Dos mil quartos espalhados nos quatro empreendimentos que administra, 700 estão ocupados para as últimas duas noites de 2018 – dias em que, sem atividade política, a capital federal costuma ficar às moscas. A procura incomum levou o setor de turismo a montar pacotes para a solenidade. Incluindo passagem aérea, traslado e hospedagem, um tour a partir de Porto Alegre foi cotado a R$ 2,5 mil logo depois do segundo turno. No início de dezembro, quem ainda queria arrematá-lo pagou mais de R$ 3,5 mil.

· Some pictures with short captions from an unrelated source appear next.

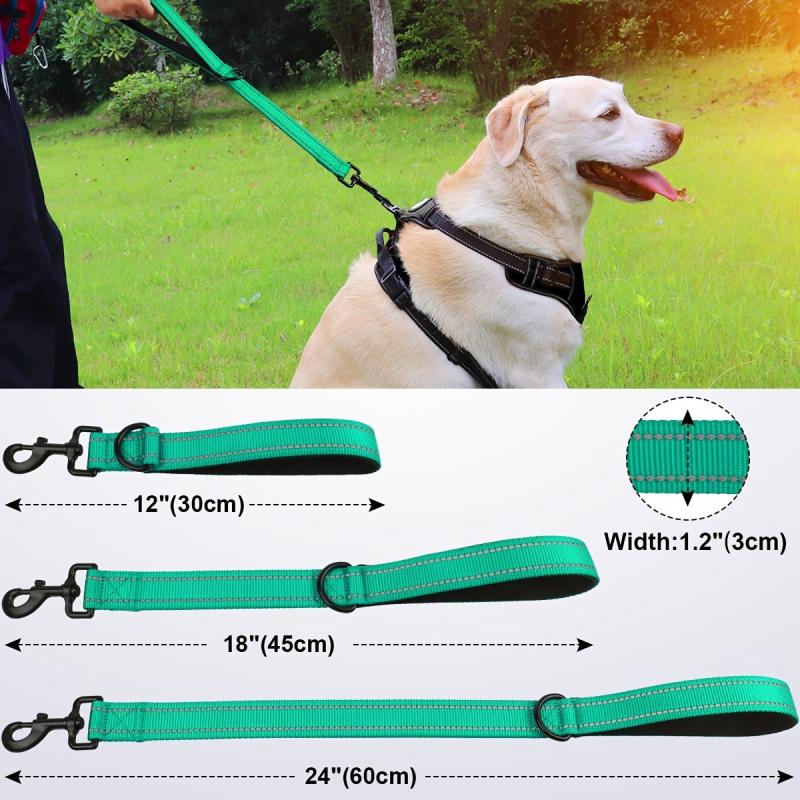 Taglory Short Dog Leash Traffic Padded Handle Heavy Duty Nylon Dog Lead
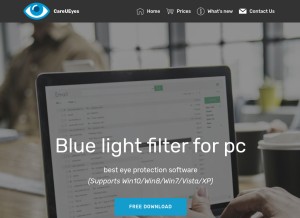 How care-eyes.com looks like on a tablet such as an iPad.
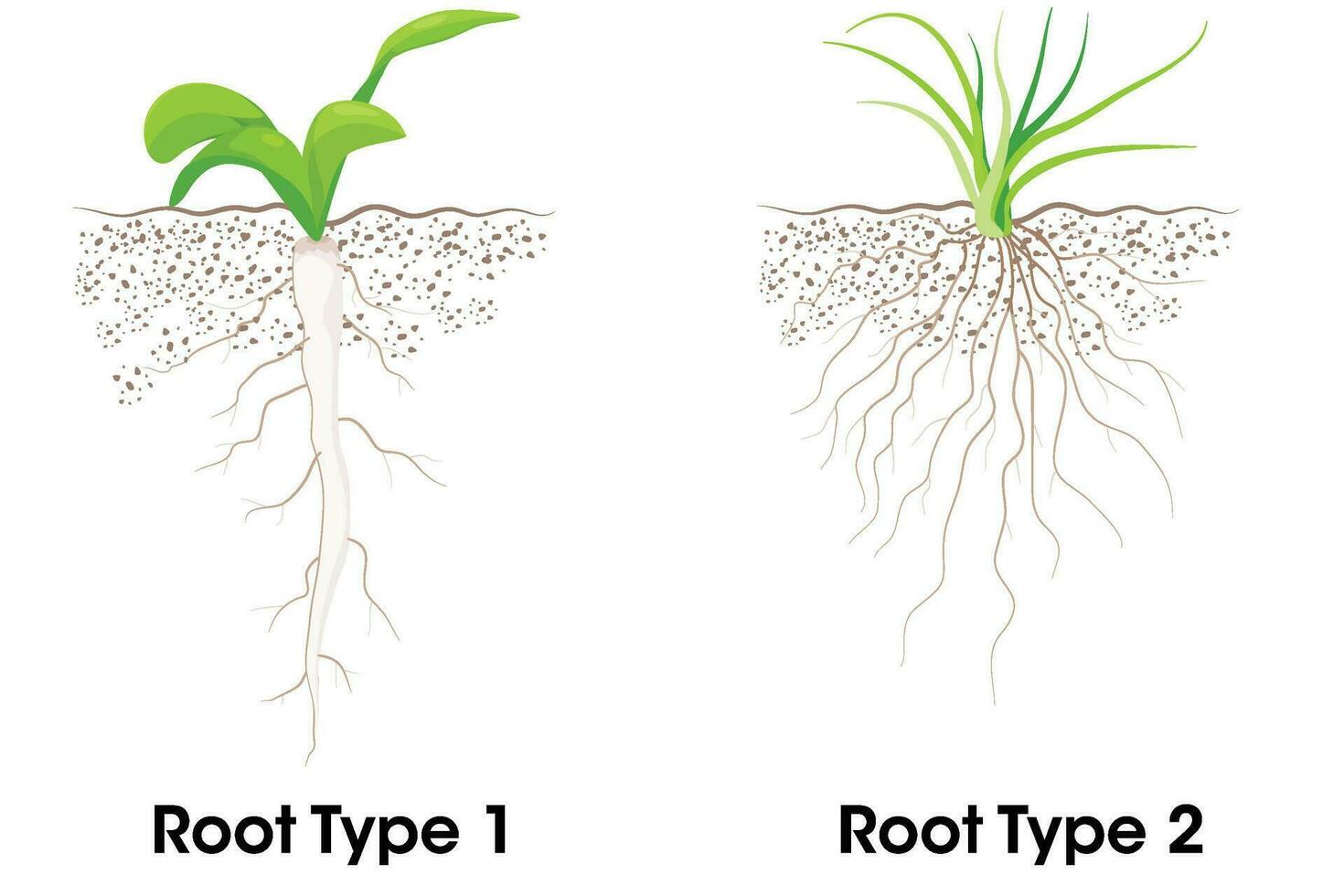 Two Type of root system taproot and fibrous vector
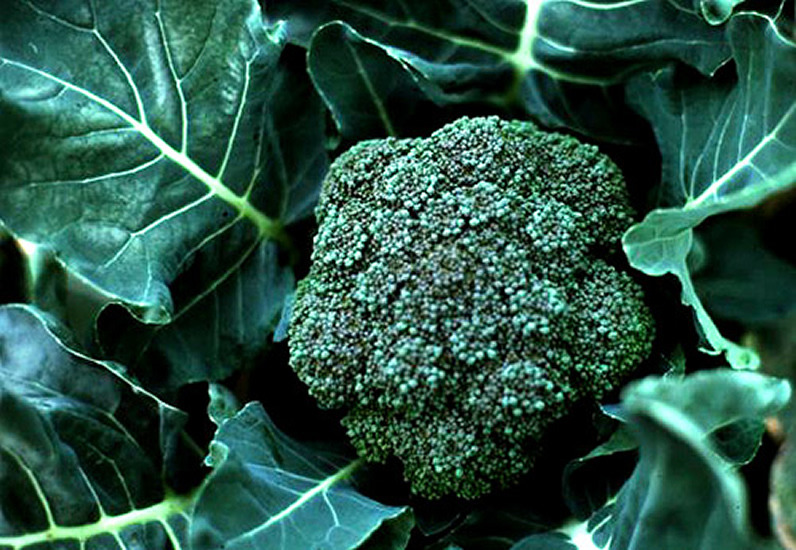 Did you know that virtually all ‎broccoli‬ sold in grocery stores across the U.S. comes from California? Thomas Björkman, associate professor of horticulture, aims to change all that. As principle investigator on the USDA-funded Eastern Broccoli...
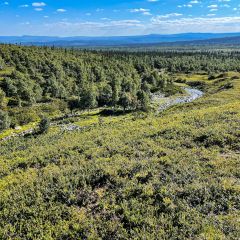Vid Galån-ravinen vid trädgränsen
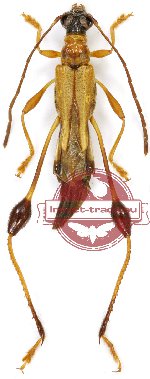 Merionoeda micans Holzschuh, 2008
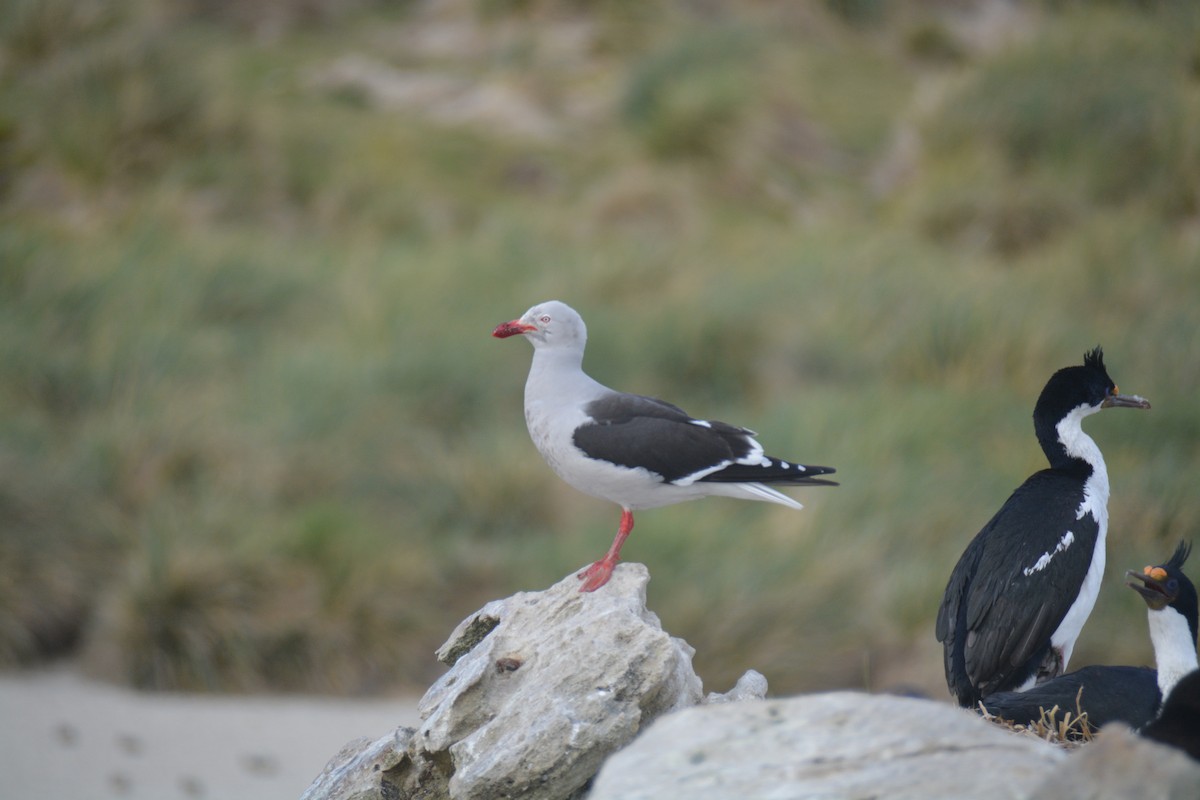 マゼランカモメ - ML646660707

– É interessante porque são pessoas físicas, sem nenhum partido envolvido – observa Fabian Saraiva, diretor da operadora de viagens Uneworld, que preparou os pacotes.
No ramo há 30 anos, a proprietária da Constelar Turismo, Sarita Castro, nunca havia sido procurada para um roteiro de posse presidencial. Neste ano, vendeu 28 pacotes – otimista, chegou a calcular que comercializaria 50:
– No Réveillon, normalmente as pessoas querem ir para a praia. Passar o Ano-Novo debaixo daquele sol de Brasília? Só pelo Bolsonaro, mesmo.
Entre os clientes, está Clarissa Maciel. Frequentadora assídua dos protestos no Parcão, a empresária desembolsou R$ 4.718,36 para ela e a mãe irem à capital federal acompanhar “esse acontecimento histórico”, em suas palavras.
– Participei (da campanha) como voluntária e, às vezes, parecia tão difícil... Será uma satisfação ver que ele realmente assumiu e que tudo valeu a pena. Tirar a esquerda e eleger o Bolsonaro foi um divisor de águas – diz Clarissa.
O aposentado Altair Mayer, morador de Vista Alegre do Prata, município de 1,5 mil habitantes na serra gaúcha, adquiriu o mesmo roteiro. Longe da mulher e dos filhos, irá iniciar 2019 ao lado dos bolsonaristas que conhecerá no tour pela capital federal:
– Não vou nem dormir para estar lá na frente enrolado na minha bandeira (do Brasil). Estou realizando um sonho.
O corretor de imóveis Rafael Balam embarcará em um voo na manhã do dia 1º, enquanto parte de seus amigos irá de carro já em 30 de dezembro – um percurso de, no mínimo, 30 horas.
– A única certeza é de que iríamos. Como? De avião, van ou qualquer outra maneira – afirma Balam.
Para baratear os custos, a agência Bela Sul Empreendimentos Turísticos, de Porto Alegre, anunciou no Facebook um pacote de ônibus para a posse. Pelo custo de R$ 750, 20 clientes se interessaram. Porém, a ida ainda não está garantida — são necessários ao menos 30 passageiros para a viagem sair.
Se mantida tradição, a posse terá início com um percurso pela Esplanada dos Ministérios em um Rolls-Royce conversível – do veículo, Bolsonaro e a mulher, Michelle, poderão acenar para os apoiadores nas arquibancadas. Desde Getúlio Vargas, todos os presidentes desfilaram no automóvel, mas o futuro ministro do Gabinete de Segurança Institucional, general Augusto Heleno, disse que o ritual poderá ser dispensado para o uso de um carro fechado blindado por questões de segurança.
– Será um sentimento bem bolsonariano – comenta Clarissa.
Fora do roteiro tradicional, a programação previa inicialmente shows de Eduardo Costa e Zezé di Camargo e Luciano. Porém, tiveram de ser cancelados tamanha a preocupação com a segurança.